BYD will consider building a second assembly plant in Europe in 2025 and will launch its Seagull electric car in Europe for less than 20,000 euros, the company's managing director for Europe, Michael Shu, said last week at the Future of the Car conference organised by the Financial Times. BYD hopes to become Europe's leading supplier of electric cars by the end of the century.

Electric cars typically cost about a third more than comparable fuel cars, mainly because of the high cost of batteries, which makes producing correspondingly cheaper cars quite difficult.

Last December BYD announced the construction of a new energy passenger car production base in the southeastern Hungarian city of Szeged, becoming the first Chinese carmaker to build a passenger car plant in the European Union.

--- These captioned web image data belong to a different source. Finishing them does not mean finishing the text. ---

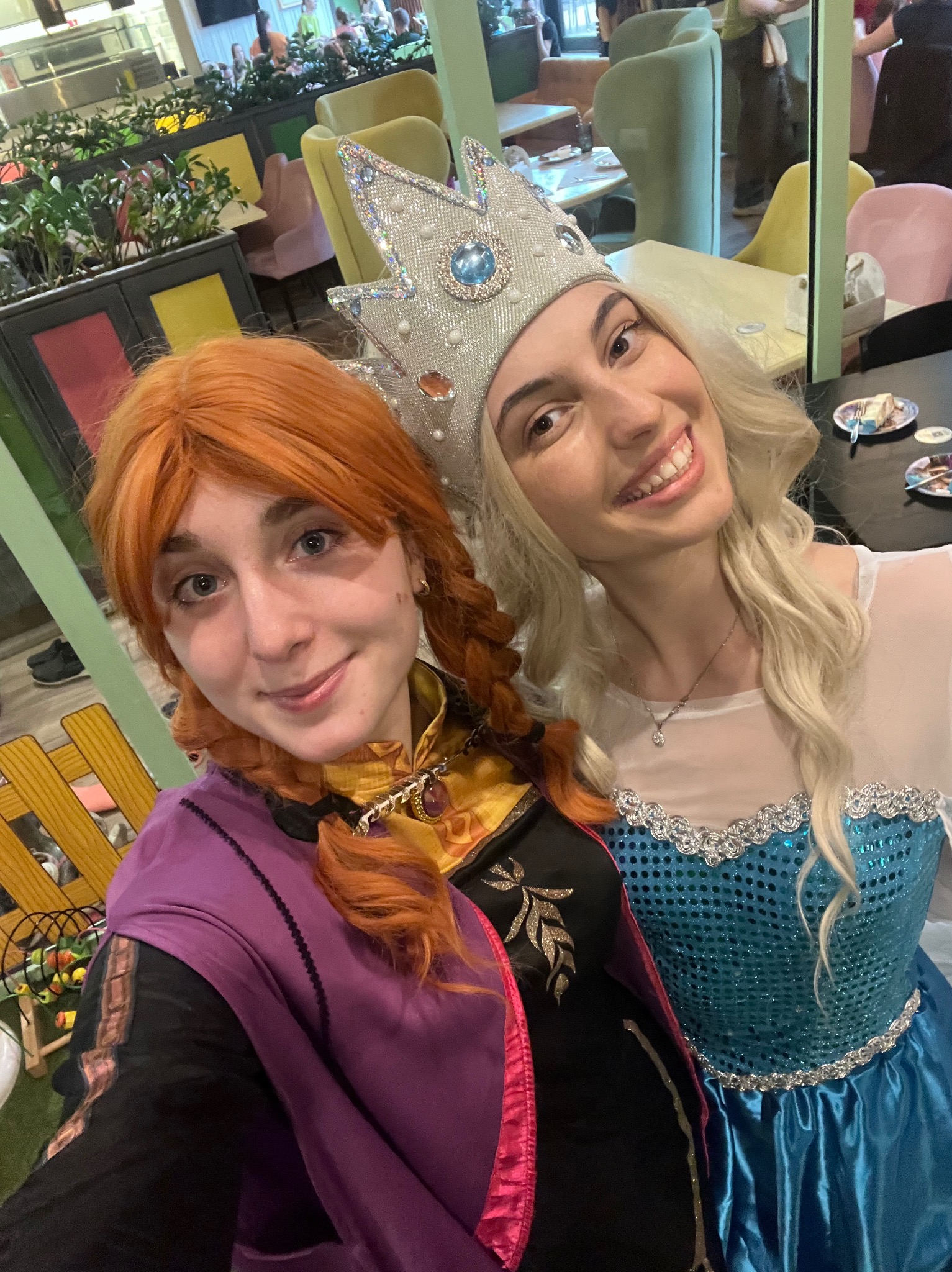 Uśmiechnięte animatorki w kostiumach Elsy i Anny z Krainy Lodu, pozują do selfie w kawiarni, widoczne dekoracje i stoliki.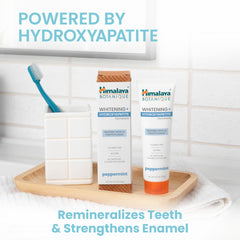 Toothpaste being applied to a toothbrush for remineralization benefits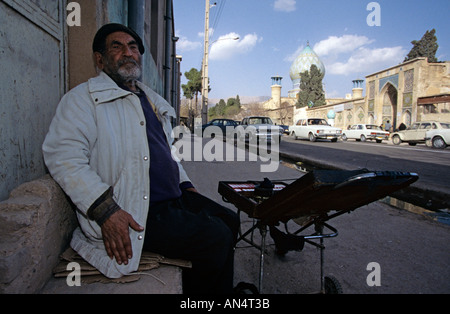 Venditore ambulante seduta sul marciapiede, Iran Foto Stock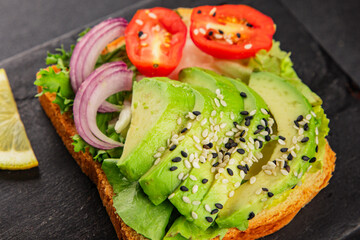 Avocado toast vegetable dish natural product tasty snack fresh delicious gourmet food background on the table rustic top view copy space keto and paleo diet vegan and vegan food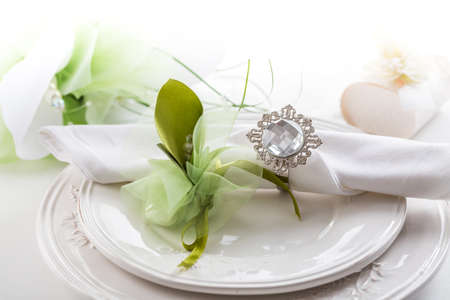 Festive table setting with small  bouquet on plateの写真素材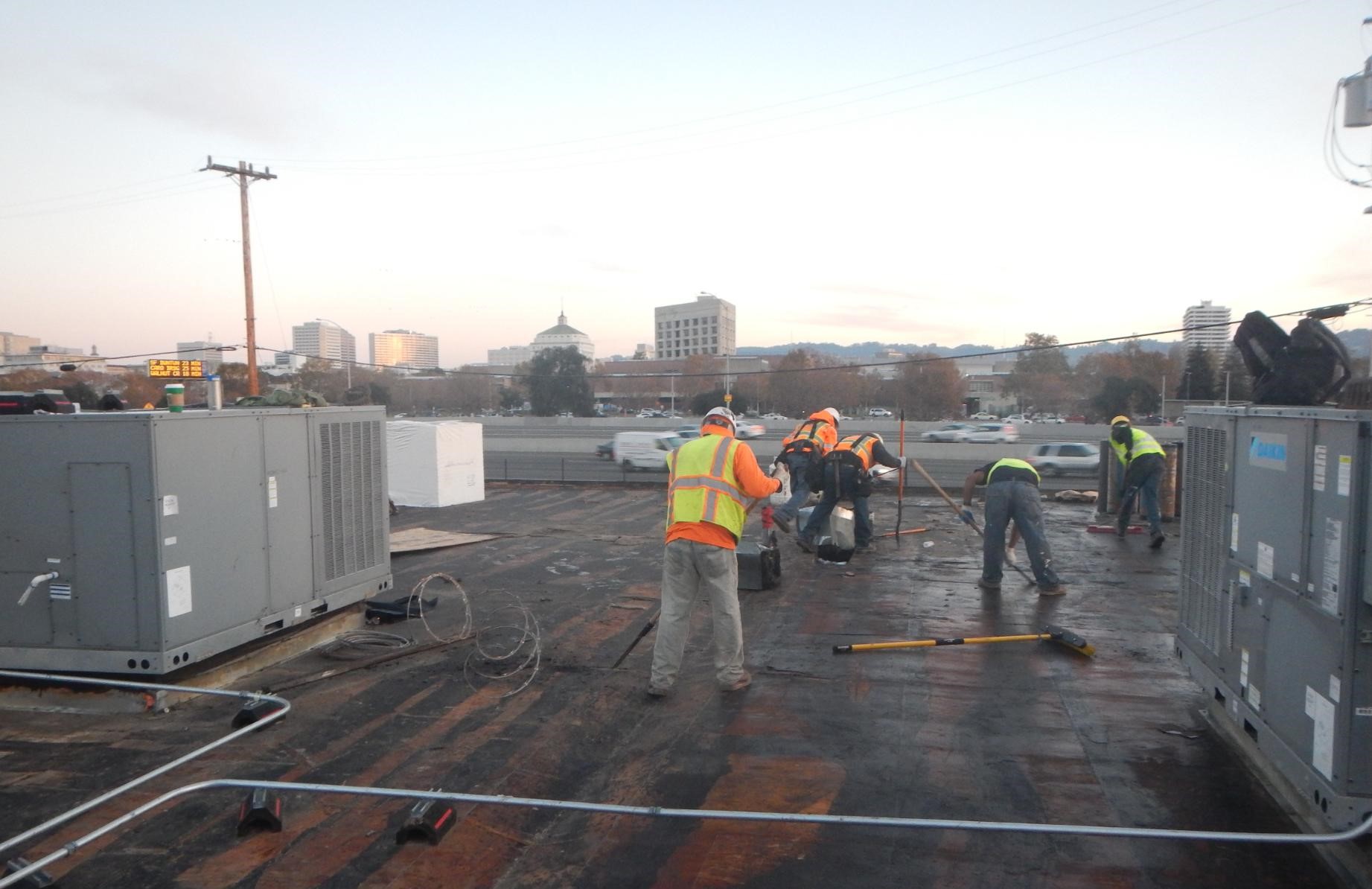PSM Associates team working on a reroofing project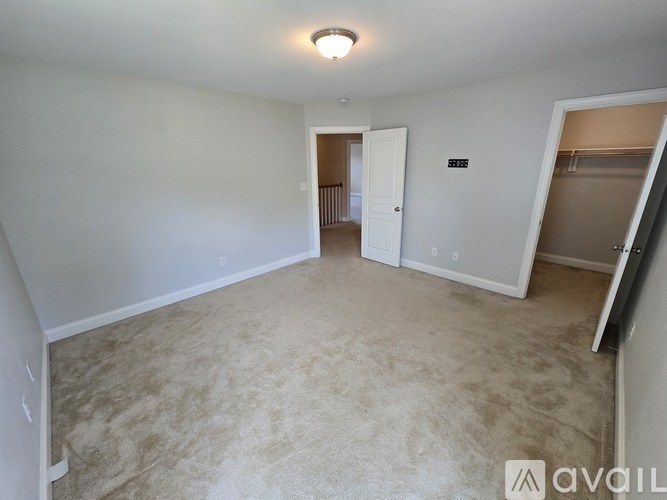 A spacious room with a carpeted floor and a doorway leading to another room.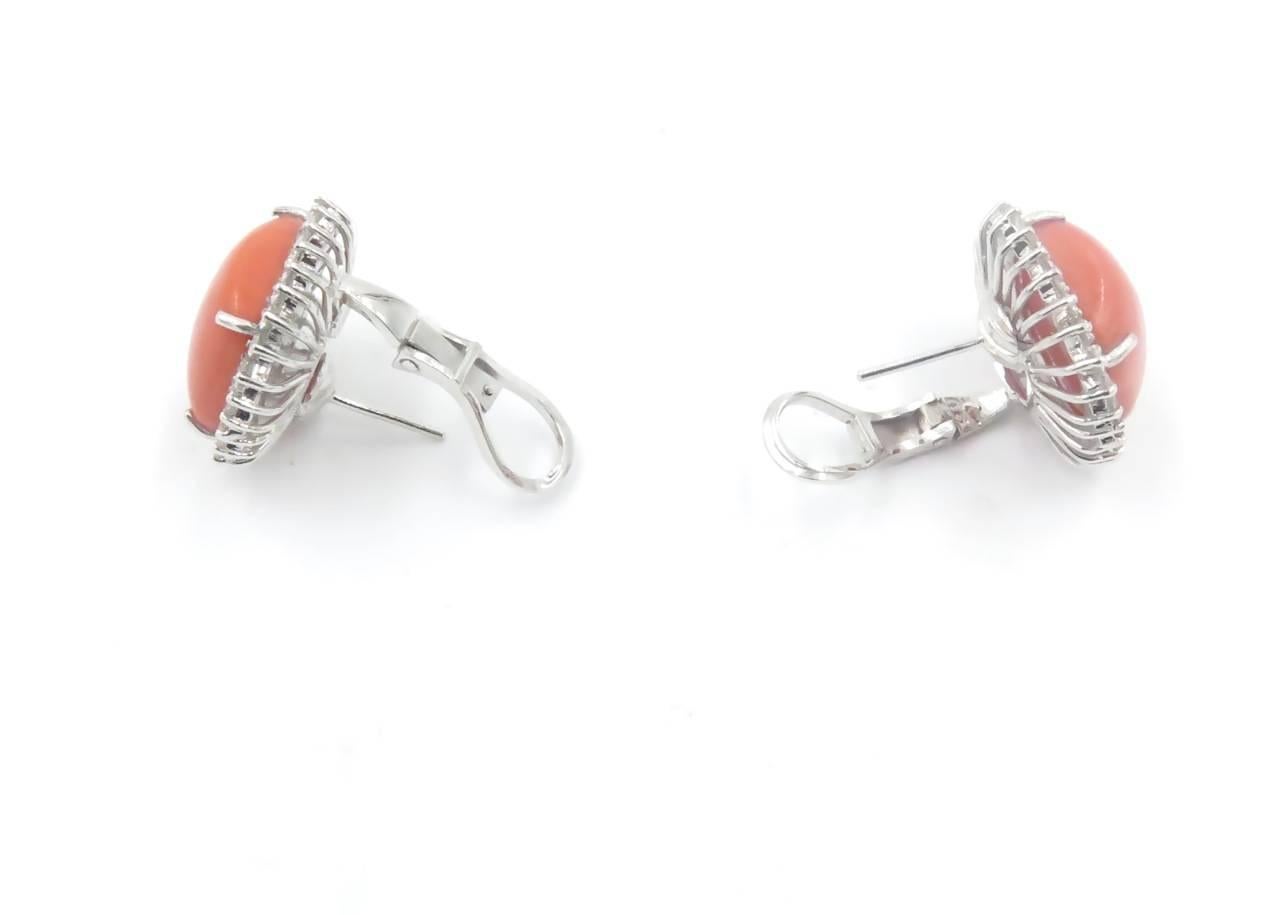 An 18 karat white gold, coral and diamond earrings. Circa 1990. Each set with a square cabochon coral, measuring approximately 14.00 x 14.00mm, within a circular-cut diamond surround. Fifty six(56) diamond weigh approximately 1.00 carat. Length is
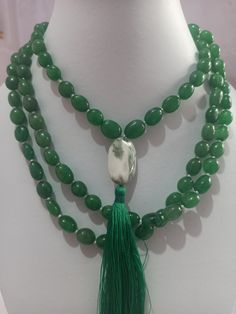 108 Beads AAA 968 Carat Emerald Dyed Japa Mala Prayer Green Color Oval Beads Japa Mala Guru bead Necklace // Long Tassel Necklace// Meditation japa mala // Guru bead// Necklace Yoga Beads Stone - Emerald Dyed Shape - Oval Size - Approx - 10x12mm Colour - Green It is known as the 'love stone' as the message it emits is the strong vibration of unconditional love, joy, warmth and healing. As quartz crystals are profound amplifiers of energy, it may help to kindle happiness, love, romantic feelings Spiritual Beaded Necklace With Faceted Oval Beads, Spiritual Beaded Necklaces With Faceted Oval Beads, Handmade Oval Spiritual Beaded Necklaces, Spiritual Jade Beaded Necklaces With Polished Beads, Spiritual Jade Beaded Necklace With Polished Beads, Bohemian Jade Beaded Necklace With 108 Beads, Jade Beaded Necklaces With Gemstone Beads For Meditation, Beaded Agate Mala With Round Beads, Green Gemstone Beads Mala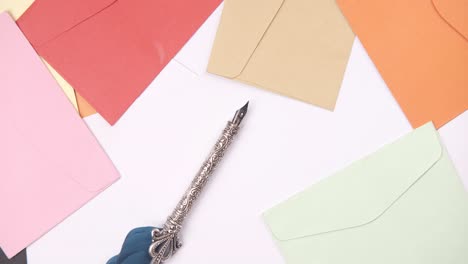 colorful envelopes and a vintage fountain pen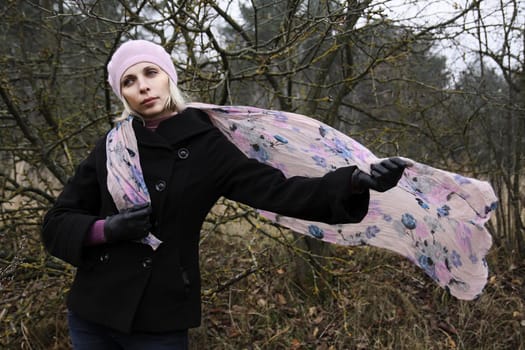 Portrait of young blonde woman in forest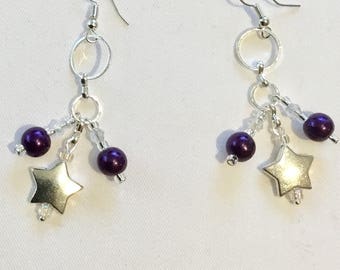 Dangly purple bead star earrings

Last October, BYD's passenger car business entered the Hungarian market for the first time - opening two shops in the Hungarian capital, Budapest, to display and sell three pure-electric models, the BYD ATTO 3 (Yuan PLUS), Dolphin and Seal.

A number of Chinese battery makers, including CATL, Yiwei Lithium Energy and Xinwangda, have also announced their investments in Hungary. Hungary currently ranks fourth in the world in terms of power battery production.

Hungary has become an important trade partner for China. Last week, Chinese President Xi Jinping just visited the country. The two countries signed a total of 18 agreements. Hungary will take over the presidency of the EU Council later this year. Before the meeting, Xi said it was an opportunity to improve Europe-China relations.